A dança se tornou mais um instrumento de transformação para um grupo de mulheres do Distrito Federal. Cadeirantes, as dançarinas escolheram a arte para superar os limites impostos pela perda dos movimentos (veja vídeo acima).

Desde março, elas fazem parte do “Street Cadeirante“, uma companhia que ensina dança para pessoas com deficiência. Para o grupo, que começou o trabalho em março, as mudanças físicas e afetivas causadas pela dança são consenso.

A jornalista e idealizadora do projeto, Carla Maia, descreve as apresentações como “um reencontro com a própria alma”. Ela ficou tetraplégica – sem mexer as mãos e as duas pernas – aos 17 anos, após um sangramento na medula. A situação foi ocasionada por uma malformação congênita.

Hoje, aos 37 anos, Carla retoma aos poucos os movimentos do corpo. “Com a dança me sinto plena, mulher, realizada. É uma conexão interior que até as pessoas conseguem perceber no exterior, eu exalo isso”, explica.

“Não queria que as pessoas achassem bacana só porque eu era cadeirante e estava me superando. Eu queria dançar para que as pessoas vissem a dança e não a cadeira ou a deficiente”.

A cadeira de rodas

A enfermeira Alice Lima, de 35 anos, que faz parte do Street Cadeirante, usa a cadeira de rodas desde a infância. A paralisia veio logo após o nascimento.

“Os prognósticos do médico eram os piores possíveis”, lembra, com bom humor. “Eram do tipo que eu iria sobreviver só até os 14 anos, no máximo, deitada em uma cama e, talvez, se frequentasse uma escola especial, eu aprenderia a falar meu próprio nome”.

“Eu acho que eles erraram só um pouquinho, porque hoje eu estou aqui, dançando.”

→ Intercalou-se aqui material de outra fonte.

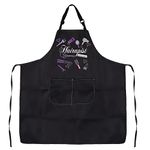 Hair Stylist Apron With Pockets Barber Apron Beauty Salon Aprons Hair Stylist Gift Waterproof Apron Adjustable (Hairapist apron ca)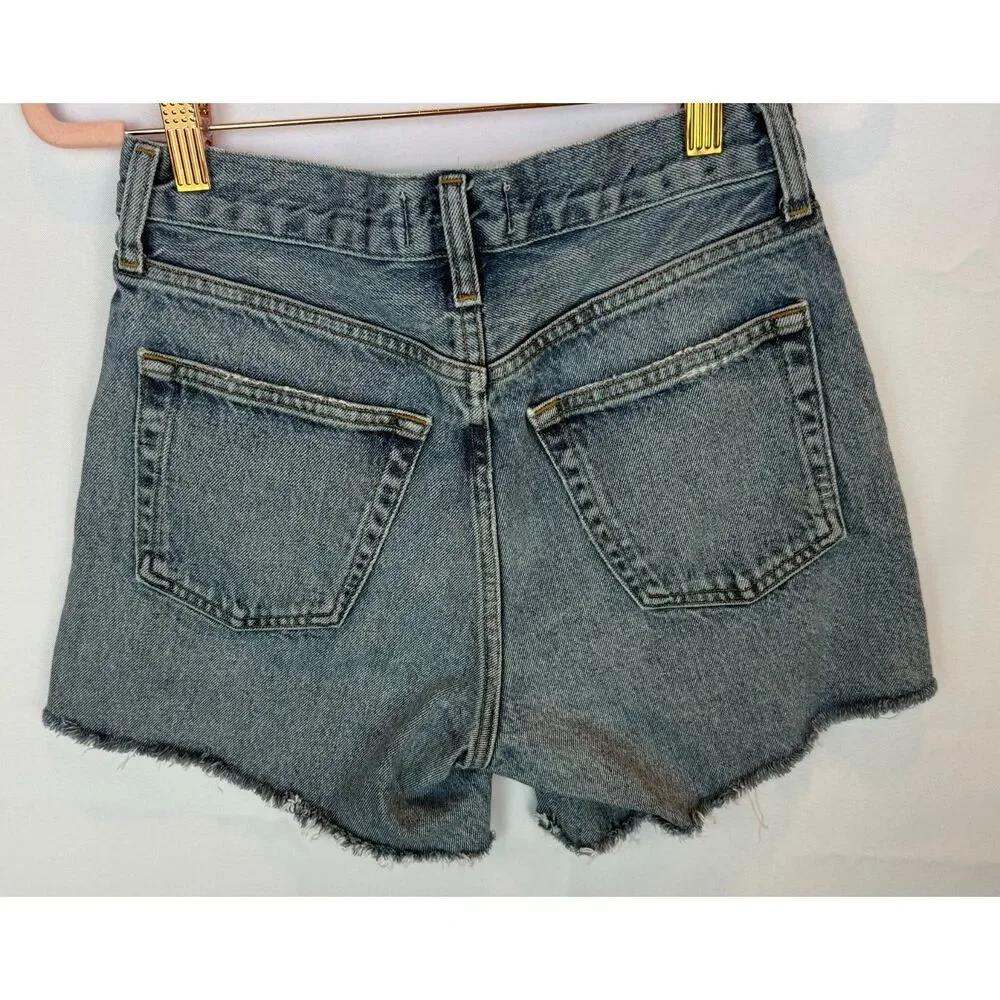 AGOLDE Parker Long Frayed Hem Button Fly Blue Denim Cutoff Shorts Size 23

Em menos de um ano entre ensaios e apresentações, Alice diz que já observou mudanças na saúde e no equilíbrio, “do fio de cabelo à ponta do pé’. Ela explica que a dança fez com que mudasse a relação com a própria cadeira de rodas que, hoje, se tornou tão íntima, a ponto de ser considerada um pedaço do próprio corpo.

Autoestima

Outra dançarina que se redescobriu por meio da companhia é Mariana Guedes. Apaixonada pela dança desde a infância, aos 26 anos ela lembra que ficou “desestabilizada” quando se viu sem o movimento do tronco e das pernas após um acidente de carro, em 2015.

Uma nova pespectiva de vida veio quando conheceu o Street Cadeirante, conta. “Me conecto muito com a música, ela faz com que eu seja melhor”, diz.

“A dança é uma recarga de energia para que a gente consiga ir além todos os dias.”

A maior e principal mudança, segundo Mariana, veio de forma coletiva. “Na dança, observamos sempre o movimento da outra para que possamos melhorar, e isso se torna um crescimento coletivo”.

Outra diferença que ela notou é no convívio social. A dançarina explica que desde que começou a ensaiar, sentiu melhoras físicas, emociais e afetivas.

“Minha autoestima explode.”

A mesma sensação positiva é compartilhada por Walquíria Coimbra, de 59 anos. Ela conheceu o grupo pelas redes sociais, após 40 anos na cadeira de rodas. A paralisia também veio após um acidente de carro, ainda na juventude.

Além de Walquíria, Mariana, Alice e Carla, a Companhia Street Cadeirante também é composta pela dançarina Izabella Gobbi, de 26 anos, e pela servidora pública Delma Ferro. As coreografias são assinadas por Wesley Messias.